15. It's only fair, then, that the Oscar winner got to keep every single one of the 60 outfits she wore in the film. "They're all finely preserved between tissue paper and in a special storage unit," she shared on Instagram. "I keep a close eye on them."

16. We were almost memorizing a bend-and-snap musical number. The cast actually spent a month working on a more song- and dance-focused version of the nail salon scene that saw Elle revealing the move that in her experience "has an 83 percent rate of return on a dinner invitation." Ultimately, though, explained Witherspoon, "It just felt odd because there was just one musical sequence."17. As for the move itself that people still ask Witherspoon to demonstrate, it was invented at a Beverly Hills bar. Screenwriters McCullah and Smith were there between meetings trying to come up with a B-plot that could take place in the nail salon, "and we were working in weird directions," McCullah told Insider. "Like, maybe it gets robbed, all sorts of crazy stuff."Once they realized they could just add a simpler storyline about Elle helping manicurist Paulette get her crush's attention, Smith "jumped off her barstool and was like, 'Like this?' And then she did that move," McCullah continued. The name was invented on the spot. Joked Smith, "There really should be a placard there, honestly."

18. The film's ending got a major makeover in post-production. Originally, McCullah and Smith shared with The New York Times, the film wrapped with Elle's big courthouse victory, she and Emmett sealing their romance with a kiss on the courtroom steps. They then "cut to a year later," McCullah detailed, "Elle and Vivian were good friends, and Vivian's now blonde. They had started the Blond Legal Defense Club and were handing out fliers in the quad." That was the ending of Smith's manuscript, McCullah noted, but then test audiences issued a strong verdict. "We screened the movie two or three times, and every time people didn't want to end it with a kiss," she explained. "They thought it wasn't a story about [Elle] getting a boyfriend, which was really cool to have people say that."19. Still, putting together Elle's inspiring graduation day speech required a bit of ingenuity. Witherspoon's portion of the scene was filmed at London's Dulwich College near where she was working on The Importance of Being Earnest (other actors shot their parts back in California). Having changed her hair for her role in the Oscar Wilde adaption, Witherspoon had to wear a wig, as did Wilson, who'd shaved his head for The Royal Tenenbaums.

20. For Witherspoon, who left Stanford after her freshman year to pursue an acting career, "This is where I went to college," she gushed during the 2020 cast reunion. "I didn't finish college but I finished Legally Blonde."People often recite her infamous lines (the most repeated: "What?
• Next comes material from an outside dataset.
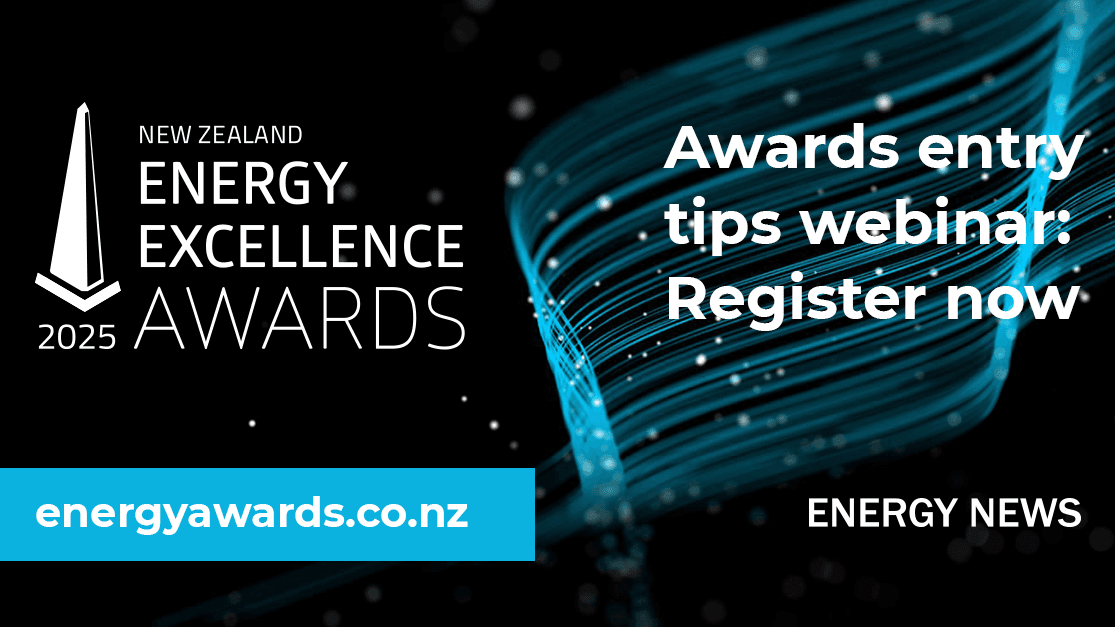 Awards entry tips webinar – register today
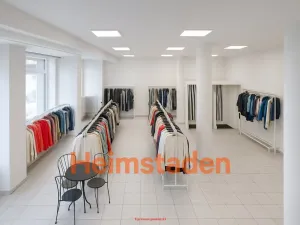 Pronájem obchodního prostoru, Havířov - Město, nám. Republiky, 376 m2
Like it's hard?), but her absolute favorite thing to hear are the many career success stories. "I don't think any of us knew what this film was going to turn out to be or how much it would inspire young women and young people across the world," Witherspoon shared. "The thing that actually really touches my heart is more people stop me and say, 'I went to law school because of Elle Woods.' Which is really amazing." Really, she gets a thrill anytime people quote the film issuing "a blanket statement" to E! News at the 2024 Screen Actors Guild Awards: "When anybody starts talking to me about Legally Blonde, it really touches my heart so please know that."